The boy smiles sheepishly. “Just kidding, Mom. Actually, I’m gay.”

For some reason, that’s the first thing that came to mind when I read Kevin Spacey’s tweet about his unremembered “inappropriate drunken” behavior toward Anthony Rapp 30 years ago, when the latter was 14. What started as a half-hearted apology veered quickly into a different kind of confession—basically, “I may be a pedophile. … No, just kidding, I’m gay.”

This would be a quite different situation if Spacey’s homosexuality hadn’t been rumored for years. He’d even started tiptoeing out of the closet recently, with his jokes while hosting the Tony awards (in Norma Desmond drag), not to mention the bisexual subplot on House of Cards.

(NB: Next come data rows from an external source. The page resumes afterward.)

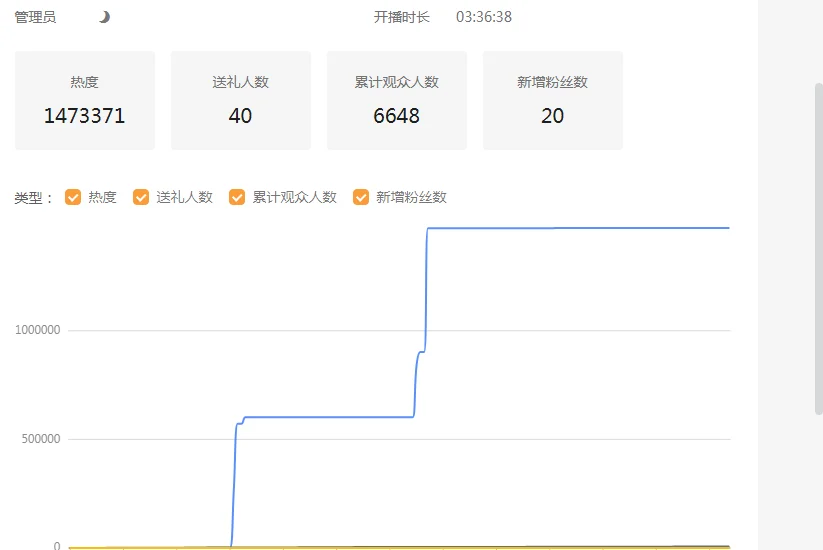 新人主播两个月的变化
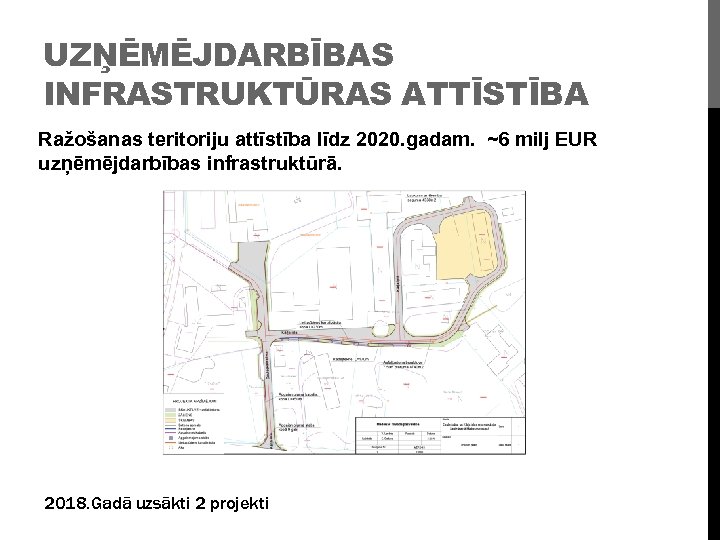 UZŅĒMĒJDARBĪBAS INFRASTRUKTŪRAS ATTĪSTĪBA Ražošanas teritoriju attīstība līdz 2020. gadam. ~6 milj EUR uzņēmējdarbības infrastruktūrā.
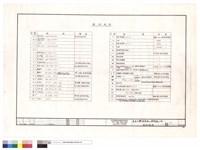 藏品(圖例說明)的圖片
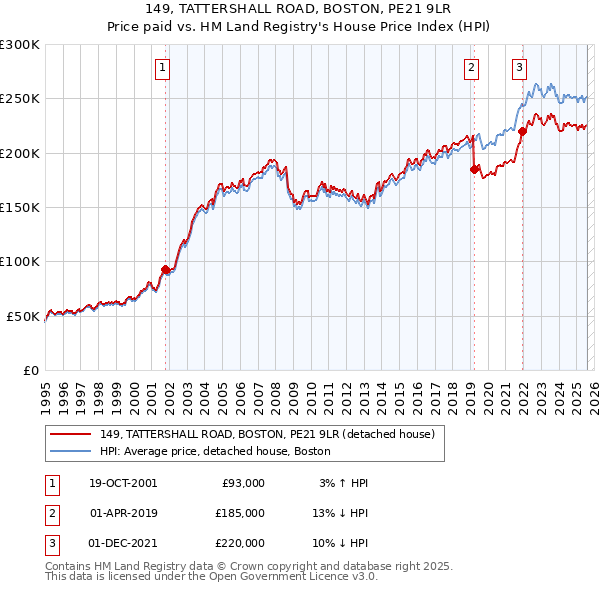 149, TATTERSHALL ROAD, BOSTON, PE21 9LR: Price paid vs HM Land Registry's House Price Index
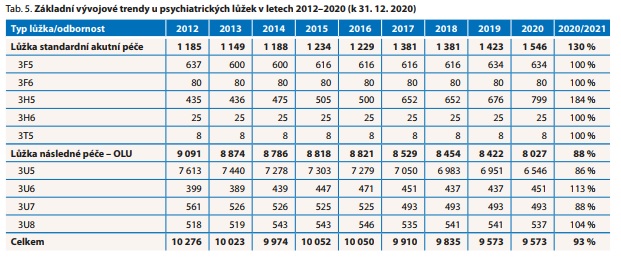 Česká a slovenská psychiatrie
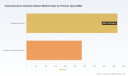 PW Consulting: Worldwide Transcutaneous Oximetry System Market to Expand at 5.5% CAGR (2026&ndash;2032), Reaching USD 1,096.99 Million by 2032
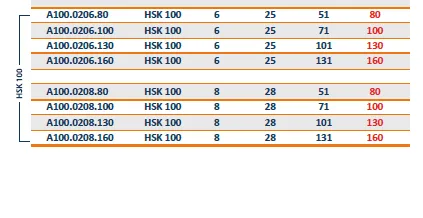 CEBIO HSK A100 - 8 - A:130 Veldon Tutucu — görsel 3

But ironically, through his awkward and untimely coming out, Spacey has played right into the ugliest of stereotypes. If the current allegations are to be believed, he really did have something to hide—and it wasn’t his sexual orientation. By staying in the closet for so long (a Tony and two Oscars weren’t enough to solidify his career?), he made coming out of it particularly ugly. He may have been trying to make a distinction between homoseuxality and pedophilia, but all he succeeded in doing was to draw an unjustified linkage between the two. And in the process, he has turned gay men into the usual suspects.

With the preponderance of accusations now flying at Spacey, I can understand why the producers of House of Cards have called a halt to production. Ostensibly, they need to make sure they don’t have a hostile work environment on their hands.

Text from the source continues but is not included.